* **TASK**
Copy the data that follows exactly, and include none of its images.
[Opening DATA FOR THIS TASK section]
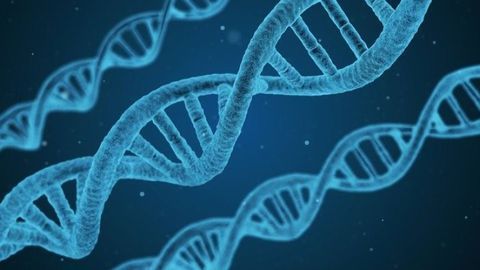 Wyatt Technology Pioneers Multi-CQA Method for Gene Vectors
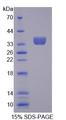 TCEA3 Protein - Recombinant Transcription Elongation Factor A3 (TCEA3) by SDS-PAGE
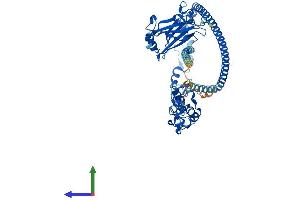 AlphaFold protein structure predicition of Mouse Recombinant Traf3 Protein, UniprotID Q60803 (TRAF3 Protein (AA 1-567) (His tag))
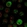 Anti-PRAME Antibody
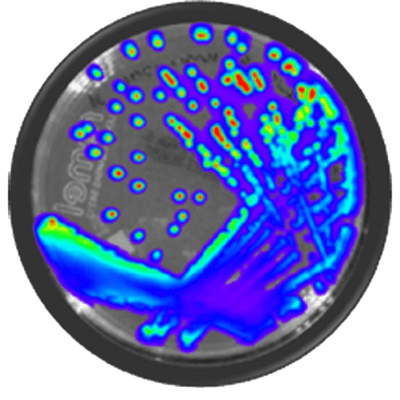 IVISbrite™ bioluminescent bacteria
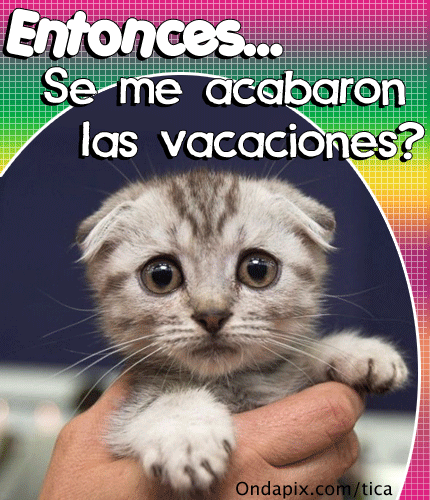 el humor en el lugar de trabajo , imagenes divertidas de humor ...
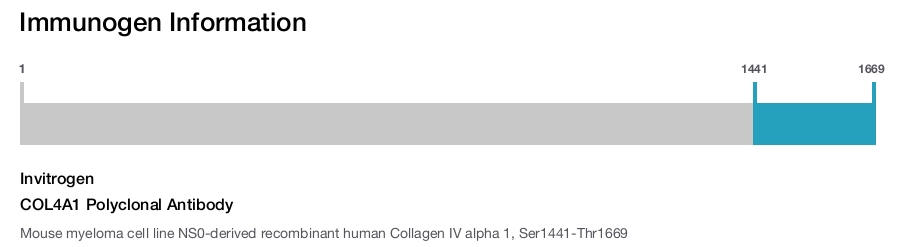 COL4A1 Polyclonal Antibody
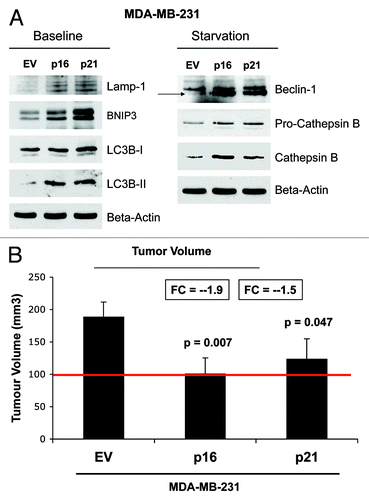 Figure 15. MDA-MB-231 breast cancer cell lines, which overexpress p16(INK4A) and p21(WAF1/CIP1), undergo autophagy, and show dramatically reduced tumor growth. (A) Autophagy status. MDA-MB-231 cells, which overexpress p16(INK4A) and p21(WAF1/CIP1), undergo increased authophagy, either at baseline (Lamp-1, BNIP3, LC3-I/II) or under conditions of starvation for 12 h with HBSS (Beclin-1 and cathepsin B). (B) Tumor growth. MDA-MB-231 cells, which overexpress p16(INK4A) and p21(WAF1/CIP1), show a near 2-fold reduction in tumor volume.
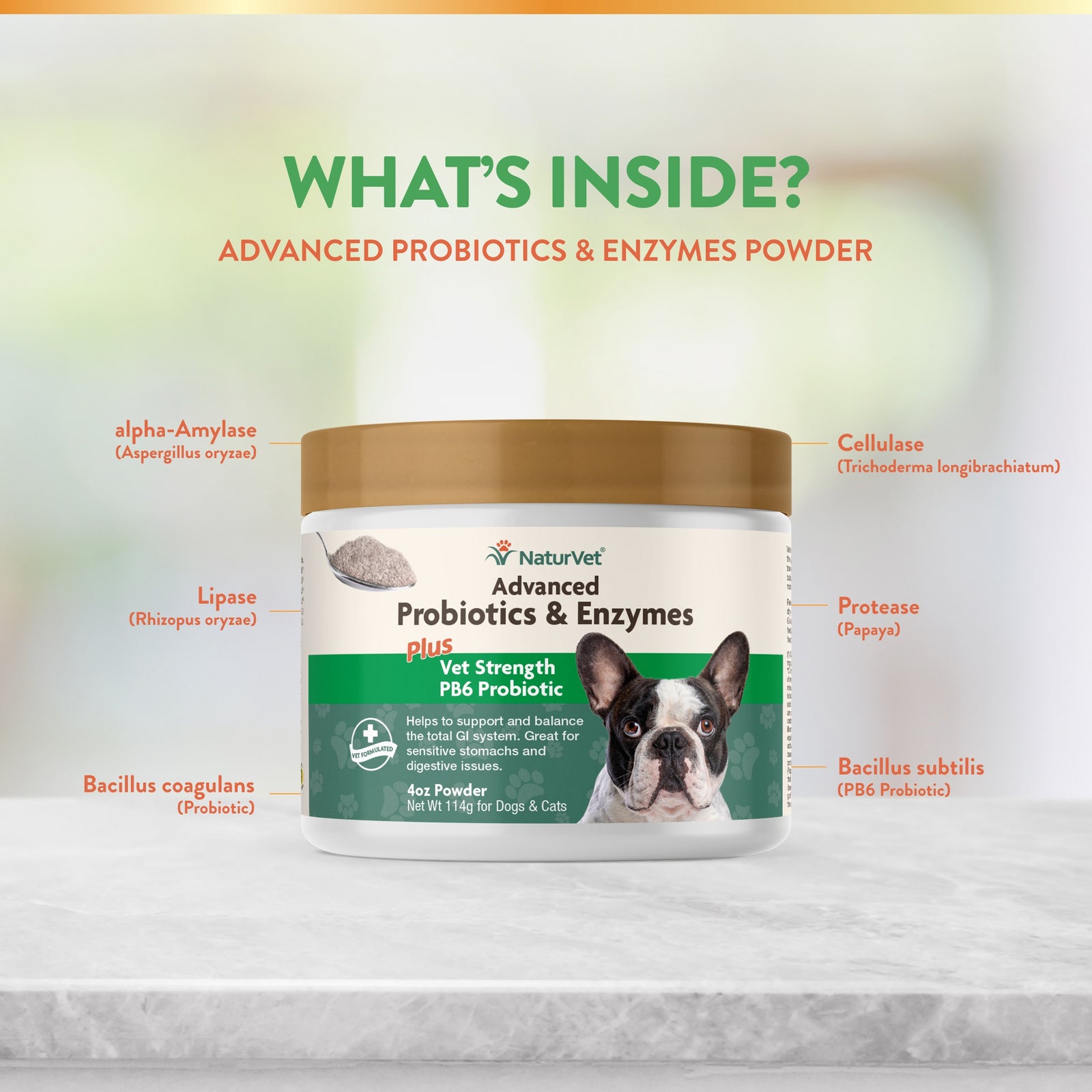 NaturVet Advanced Probiotic  Enzymes Powder for Dogs and Cats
[Closing DATA FOR THIS TASK section]
* **WRITTEN SOLUTION**
 Wyatt Technology Pioneers Multi-CQA Method for Gene Vectors
 TCEA3 Protein - Recombinant Transcription Elongation Factor A3 (TCEA3) by SDS-PAGE
 AlphaFold protein structure predicition of Mouse Recombinant Traf3 Protein, UniprotID Q60803 (TRAF3 Protein (AA 1-567) (His tag))
 Anti-PRAME Antibody
 IVISbrite™ bioluminescent bacteria
 el humor en el lugar de trabajo , imagenes divertidas de humor ...
 COL4A1 Polyclonal Antibody
 Figure 15. MDA-MB-231 breast cancer cell lines, which overexpress p16(INK4A) and p21(WAF1/CIP1), undergo autophagy, and show dramatically reduced tumor growth. (A) Autophagy status. MDA-MB-231 cells, which overexpress p16(INK4A) and p21(WAF1/CIP1), undergo increased authophagy, either at baseline (Lamp-1, BNIP3, LC3-I/II) or under conditions of starvation for 12 h with HBSS (Beclin-1 and cathepsin B). (B) Tumor growth. MDA-MB-231 cells, which overexpress p16(INK4A) and p21(WAF1/CIP1), show a near 2-fold reduction in tumor volume.
 NaturVet Advanced Probiotic  Enzymes Powder for Dogs and Cats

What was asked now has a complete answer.